To the extent that it is used as a cop-out, this appeal to the overall strength of the economy as the ultimate answer to the problems of the poor reminds me of the way liberals used to invoke the elimination of "root causes" as a cure for crime. It held out about as much help to a person being chased down a dark street as the promise of the future benefits from future corporate investments holds out to a guy who needs a sandwich. Still, there are a lot of people who consider that they have fulfilled their Biblical obligations to the poor when they have flung these theories noisily around a drawing room somewhere or in an intellectually heavy-breathing magazine and whose idea of fighting the afflictions of the poor is to denounce other people who are of their own class and circumstance but of a different view, each accusing the other of being stupid about the poor and wrong on the facts. You hear a lot of statistics on these occasions.

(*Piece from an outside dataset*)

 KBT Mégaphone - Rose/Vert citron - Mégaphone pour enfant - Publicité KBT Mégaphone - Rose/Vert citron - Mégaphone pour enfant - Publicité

I am saying we take refuge in all this. Arguing about the poor with each other takes the place of doing anything about them. (Surely we are still waiting for the findings of some key report?) Not incidentally it also spares us contact with the poor who are always a disappointment to the imagination, being neither uniformly unassuming and grateful like Mrs. Cratchit nor uniformly grasping and ghastly like your classic welfare-cheater queen.

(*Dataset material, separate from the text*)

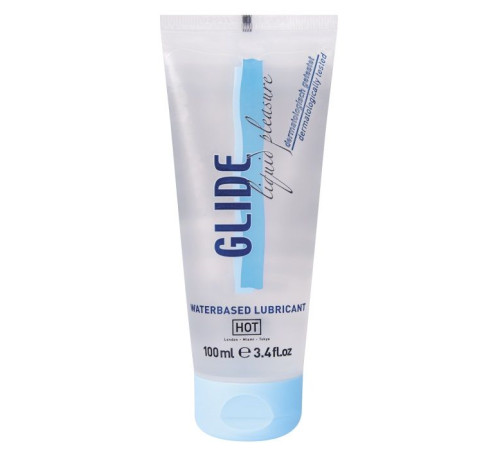 Интимная смазка на водной основе Glide - 100 мл. Интимная смазка на водной основе Glide - 100 мл.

My provisional conclusion is that people like us must give up a few things: the vanity and self-concern that lead us to judge what we have done for the poor by how good it makes us feel; the laziness and indifference that keep us from a sustained and irritating insistence on the pursuit of measures to alleviate the suffering we see around us, and the personal time, money and energy to really mix it up and make a difference with those in need in a community. This last is despised "casework," much derided by some of the big-picture-economic-forces folk who call it "Band-Aids." But I do not see how one can live in our particular world of the vast disparity and the huge unfulfilled promise without doing all of this. The danger is not so much of going mad -- that is melodramatic -- as it is of merely walking self-contentedly past the travail of others, of being, in effect, mad without knowing it.